Short Break with Hazards

Street Luge
Presumably invented by lazy skaters who couldn’t be bothered to stand up, the extreme sport of street luge involves lying prostrate on a giant skateboard and hurtling, feet first, down a road at pant-wetting speeds.  Lugers can reach speeds above the ground, that feels even faster than it sounds.

With no hint of machine power in sight, lugers are sent crashing downhill by the force of gravity alone.  You steer around bends by leaning into them and brake by using your feet.  The fact that lugers must wear full motorcycle leathers and a crash helmet indicates that, yes, this pursuit isn’t without risk.  Street luging is popular in the States, Australia, Switzerland and Germany and UK.

Paragliding
Dizzying heights and the lack of a rigid wing structure combine to make the sport of paragliding one of the most foreboding of aviation pursuits.  As you sit in a harness suspended below a fabric wing, you are cheerily blasted around the heavens by the wind. But, as with all aerial activities, the altitudes and natural obstacles around you provide a constant reminder of the great injury potential if anything goes wrong. Those jagged cliffs and crashing waves far, far below will ensure you stay concentrated, that’s for sure.

Australia, France, Switzerland and Brazil are all paragliding hotspots because of their stunning natural landscapes, but there are plenty of courses available here in the UK, from the Yorkshire Dales to the Welsh coast.  Instructors insist you’ll be ready to fly alone after about 10 days of training, but you’ll be airborne on your very first day.

Cave Diving
Confined spaces, lack of visibility and, if things go wrong, the complete inability to breathe: cave-diving is bone-shudderingly frightening stuff, which is why you will have to have a PADI Advanced Open Water Diver certificate and heaps of experience before anyone will be stupid enough to let you take the plunge.

Using scuba equipment to explore underground chambers invites all sort of trouble.  As a form of penetration diving, cave-diving allows no immediate escape route, meaning divers cannot ascend to the surface in times of trouble.  The sand, clay and mud that pollute the caves can reduce visibility to just a few feet in seconds.

The adventure rewards those do dare, with the chance to explore a mesmerising underworld of stalagmites, stalactites and rare flora and fauna.
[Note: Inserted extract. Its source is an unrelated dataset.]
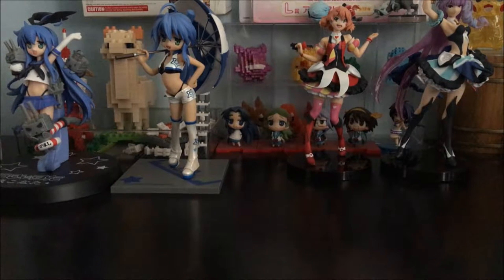Hey guys, Silencier here. Welcome to another video with me. This time it's an unboxing video as you can see in the title. It's another item from the Macross Delta series which I dearly love — or rather enjoy very much. I love the Macross series, especially Frontier if you have not known.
The Bahamas, Florida and Mexico are all fantastic cave-diving locations.

Cage Diving With Sharks
The great white shark is one of God’s most fearsome creatures, so plunging into the murky ocean next to a particularly hungry one is sure to get the adrenaline pumping.  The fact the some joker has spend the past hour hurtling crushed sardines into the water to get the beast’s belly rumbling won’t help your nerves when you see a grey fin carving through the water towards you.  Seeing those rows of razor-sharp teeth just a few feet from your limbs, and watching the chilling black eyes ogling you from the other side of the bars, is something you won’t forget in a hurry.
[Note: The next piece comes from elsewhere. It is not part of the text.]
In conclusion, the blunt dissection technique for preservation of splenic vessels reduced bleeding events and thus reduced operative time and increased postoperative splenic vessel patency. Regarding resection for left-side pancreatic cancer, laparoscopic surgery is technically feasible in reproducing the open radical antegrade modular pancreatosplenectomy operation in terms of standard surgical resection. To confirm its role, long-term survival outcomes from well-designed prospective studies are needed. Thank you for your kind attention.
South Africa is the top destination for cage-diving, thanks to its proximity to a region know as Shark Alley, which great whites frequent.

Heli-skiing
The opportunity to venture into the uncontrolled wilderness of the mountains is both the appeal and the inherent risk of heli-skiing.  By simply employing the use of one large chopper, skiers can skip the crowded slopes and discover new terrain covered in fresh, virgin snow at higher altitudes and in more remote locations.  But, abandoning the sanitised fun of the ski resorts also means the dangers increase exponentially.  Avalanche awareness is critical, natural hazards abound and changes in weather can be more problematic when you’re marooned in the wilderness.  The best destinations include New Zealand, Russia and Argentina and if you have the guts and cash, the Himalayas and Canada offers up some of the most exciting and easily accessible adventures.

Cycling the Death Road
The lethal 64km stretch of road from La Cumbre to Coroico, which winds through the mist-wrapped peaks of the Bolivian Andes in South America, was dubbed ‘the World’s Most Dangerous Road’ by the Inter-American Development Band in 1995, based on the grizzly ratio of reported deaths per mile. More than 100 people plummet over its crumbling edges each year, while the worst year on record saw a mammoth 320 people lose their lives.

So, it may come as no surprise to learn that people like to cycle down it, for fun. But, if you don’t mind vertiginous 1,000ft drops plunging down just inches from your front tyre, you don’t get freaked out by the sombre rituals performed by the indigenous guides to butter up the mountain spirits in your favour, and you can handle the groaning food trucks belching uphill and trying to squeeze past you on a narrow ledge that is, in places, only 3.2 metres wide, you’ll have a great laugh.